>>>

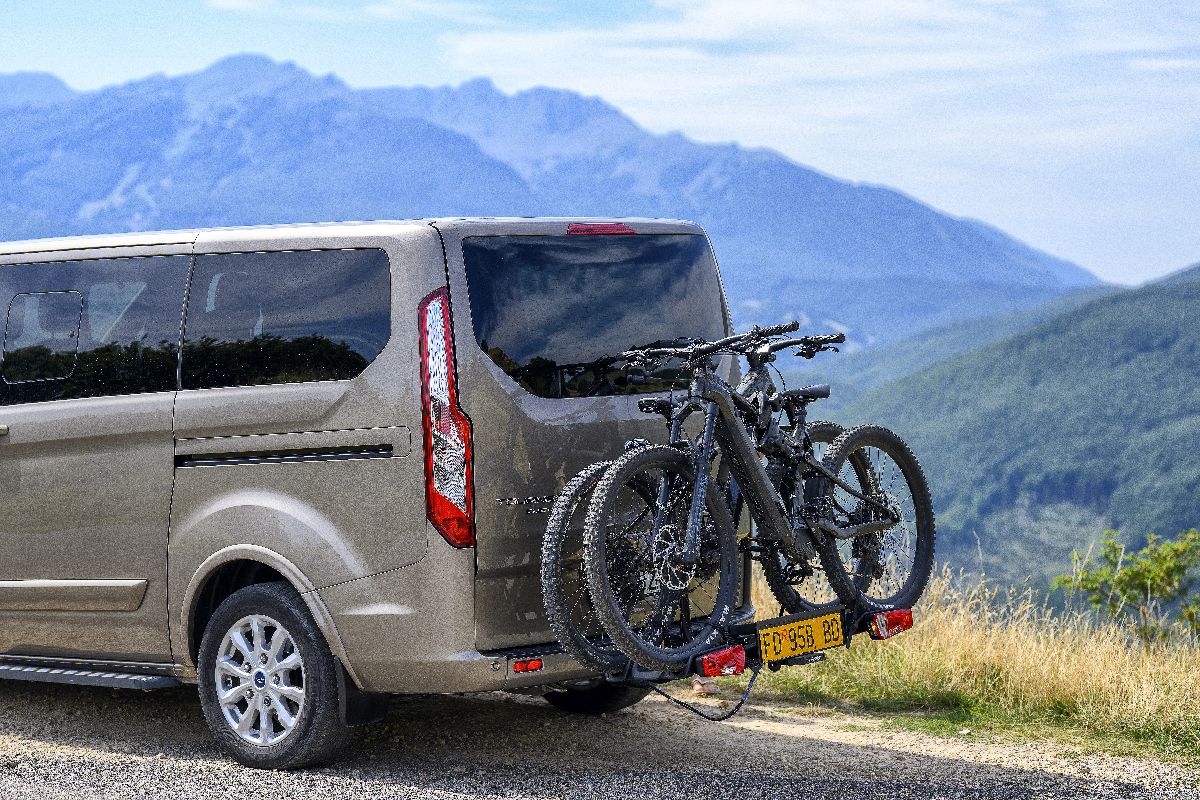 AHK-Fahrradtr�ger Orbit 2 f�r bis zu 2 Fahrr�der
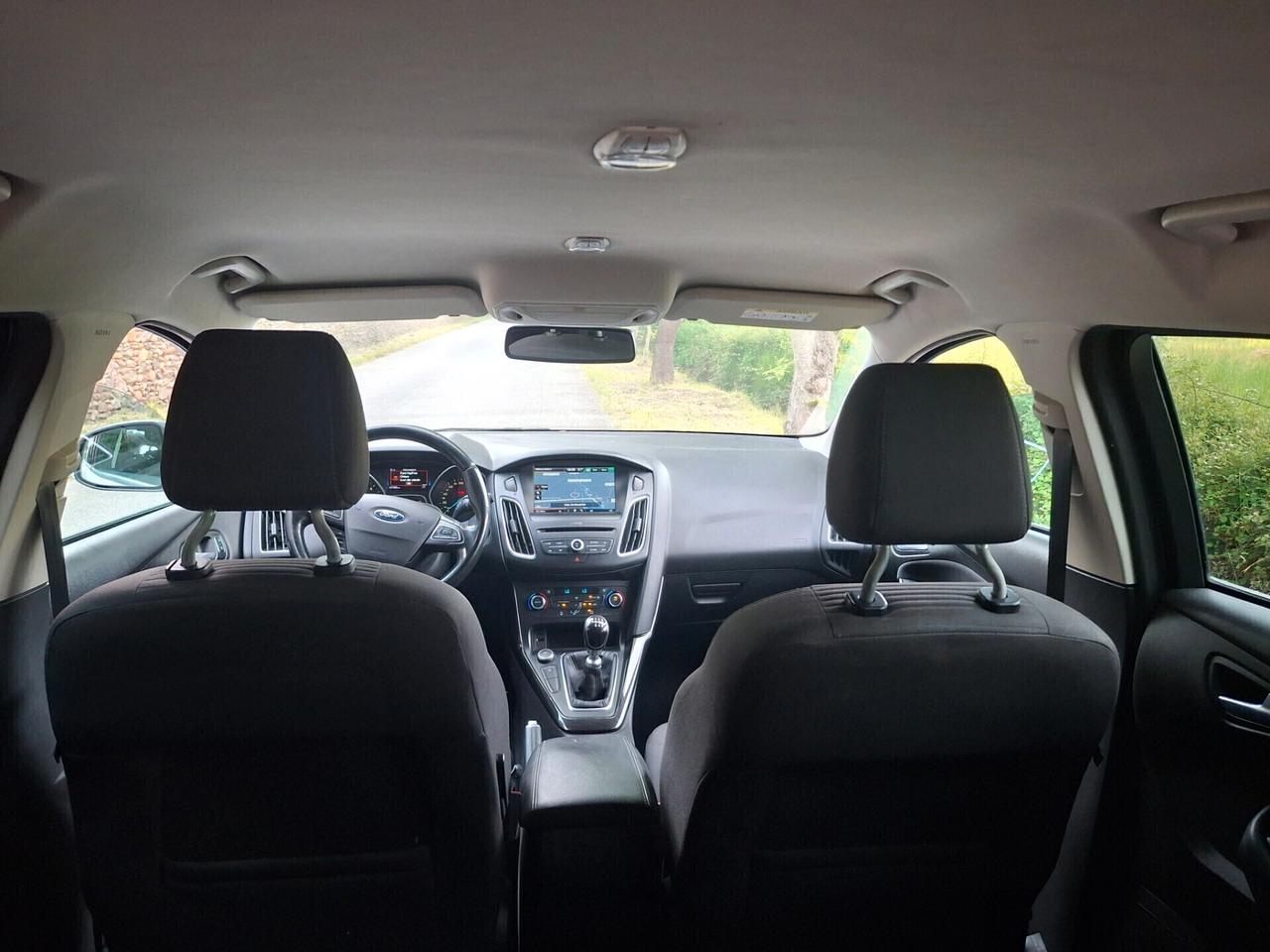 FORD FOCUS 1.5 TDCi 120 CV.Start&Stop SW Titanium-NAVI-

<<<
>>>

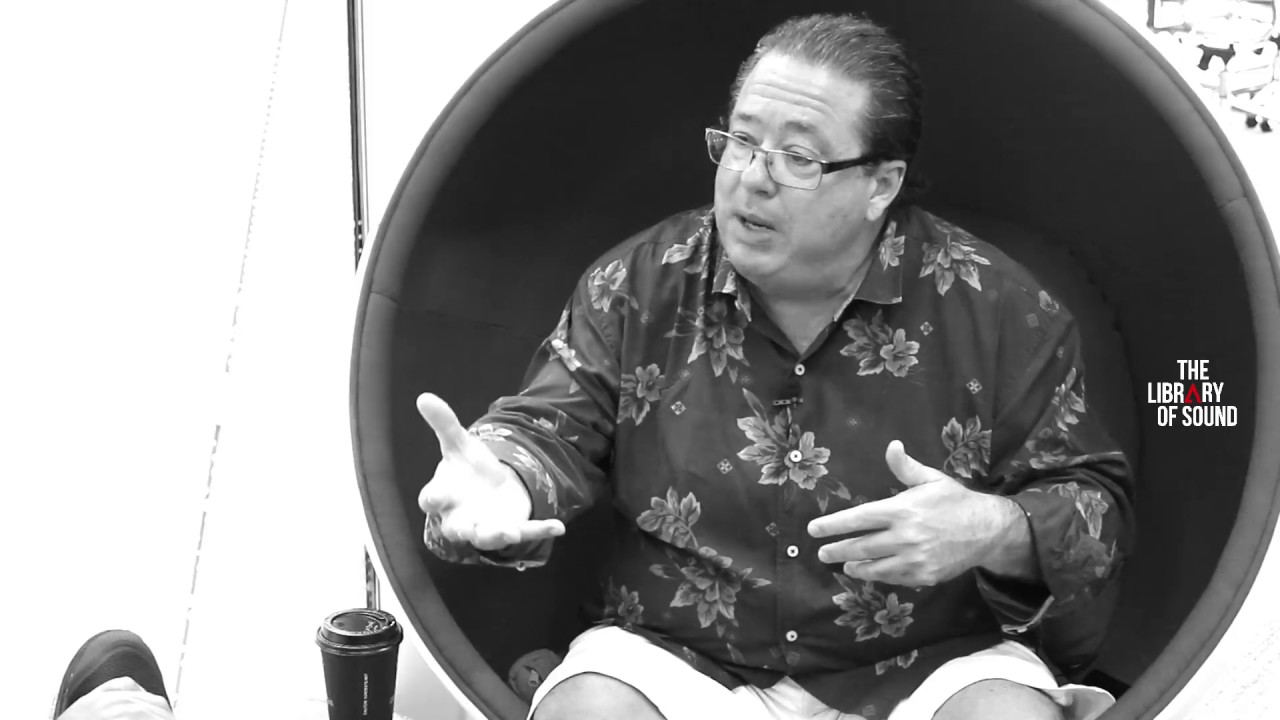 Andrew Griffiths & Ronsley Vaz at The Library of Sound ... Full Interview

<<<

PROBLEM TO WORK ON ▸
Copy word for word the lines of the records above from the one with "AHK-Fahrradtr�ger Orbit 2" up to and including the one with "FORD FOCUS 1.5". Skip the pictures.

ANSWER SPACE ▸
 AHK-Fahrradtr�ger Orbit 2 f�r bis zu 2 Fahrr�der
 FORD FOCUS 1.5 TDCi 120 CV.Start&Stop SW Titanium-NAVI-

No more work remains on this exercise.